# South Australia?



## nicoleSA

hey, was just wondering if anyone here was from adelaide?


----------



## Aurora

Welcome! Im about 10 hours drive away. LOL. Melbourne. We need more Aussies on this forum. Theres a couple of us about.


----------



## Post_Punk_Proclivity

G'day 

Yes, I like my birds glowing bright like embers and my shrimps hot straight off tha kaboosh. Victoria Bitters is the shiznit. I like to drive home drunk, be loud and obnoxious, and cause big accidents in the process. *kidding*

No I'm not from Adelaide. Just plain old Melbourne.


----------



## nicoleSA

how bad are u 2? i can hide my social anxiety if i drink, otherwise my heart races i feel like there's something wrong with me. My partner is very social, he has a lot of mates and he can't have them around bcos of me, i always feel bad bcos he can't do what he want's to in his own house. I keep being called by his mates a 'snob' or a '*****'. I hide in the bedroom if they're around, i don't mean 2 be that way and i try to explain it to Sean but he gives me **** about it as well. Do either of you have that problem?


----------



## Peachy85

Hey NicoleSA.. I'm from Adelaide too! Im new to this site, and I can relate to alot of what you say. I also use alcohol as a way to cope with SA but every other time im the shy sorta bloke. Its easy for people to take it the wrong way, but your partners mates sound like tools (no offence). I get the same treatment from my parents who live in Darwin. They pretty much think im a anti-social lout. What do you do?


----------



## Post_Punk_Proclivity

nicoleSA said:


> how bad are u 2? i can hide my social anxiety if i drink, otherwise my heart races i feel like there's something wrong with me. My partner is very social, he has a lot of mates and he can't have them around bcos of me, i always feel bad bcos he can't do what he want's to in his own house. I keep being called by his mates a 'snob' or a '*****'. I hide in the bedroom if they're around, i don't mean 2 be that way and i try to explain it to Sean but he gives me **** about it as well. Do either of you have that problem?

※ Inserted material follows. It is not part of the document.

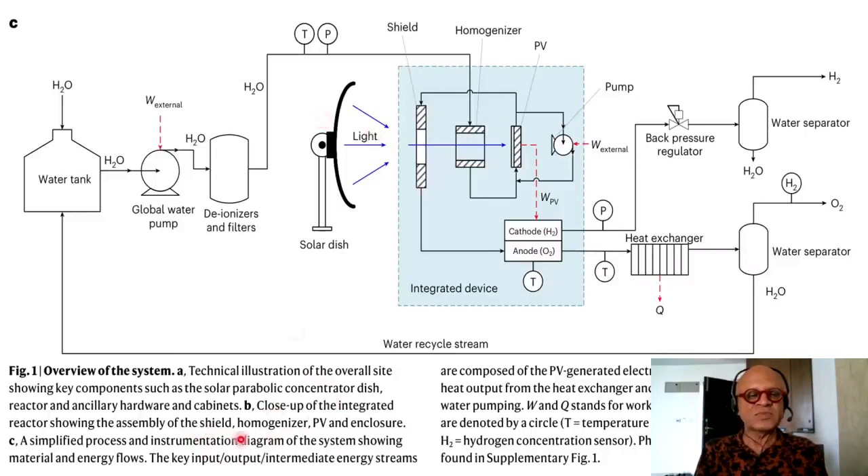In B, we see a close-up of the integrated reactor showing the assembly of the shield, homogenizer, PV, and enclosure. In C, we are looking at a simplified process and instrumentation diagram of the system showing materials and energy flows. The key input-output intermediate system streams are composed of the PV-generated electrical work available for electrolysis, heat output from the heat exchanger, and the external work required for water pumping. W and Q stand for work and heat respectively, and sensors are denoted by a circle — temperature sensor, pressure sensor.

Hey your bf gives you **** about it? I could tolerate his mates and all, but I wouldn't be able to do it if my girlfriend was like that. My ex was, and that lasted all of about 2months lol.


----------



## lonelyme

Hi Im from sydney, don't think there are any support gps in my area but if I ever move to Melbourne mayb we can start one up


----------



## CandyKane

does any one no of support groups over the phone or anything like that??


----------



## Aurora

nicoleSA said:


> how bad are u 2? i can hide my social anxiety if i drink, otherwise my heart races i feel like there's something wrong with me. My partner is very social, he has a lot of mates and he can't have them around bcos of me, i always feel bad bcos he can't do what he want's to in his own house. I keep being called by his mates a 'snob' or a '*****'. I hide in the bedroom if they're around, i don't mean 2 be that way and i try to explain it to Sean but he gives me **** about it as well. Do either of you have that problem?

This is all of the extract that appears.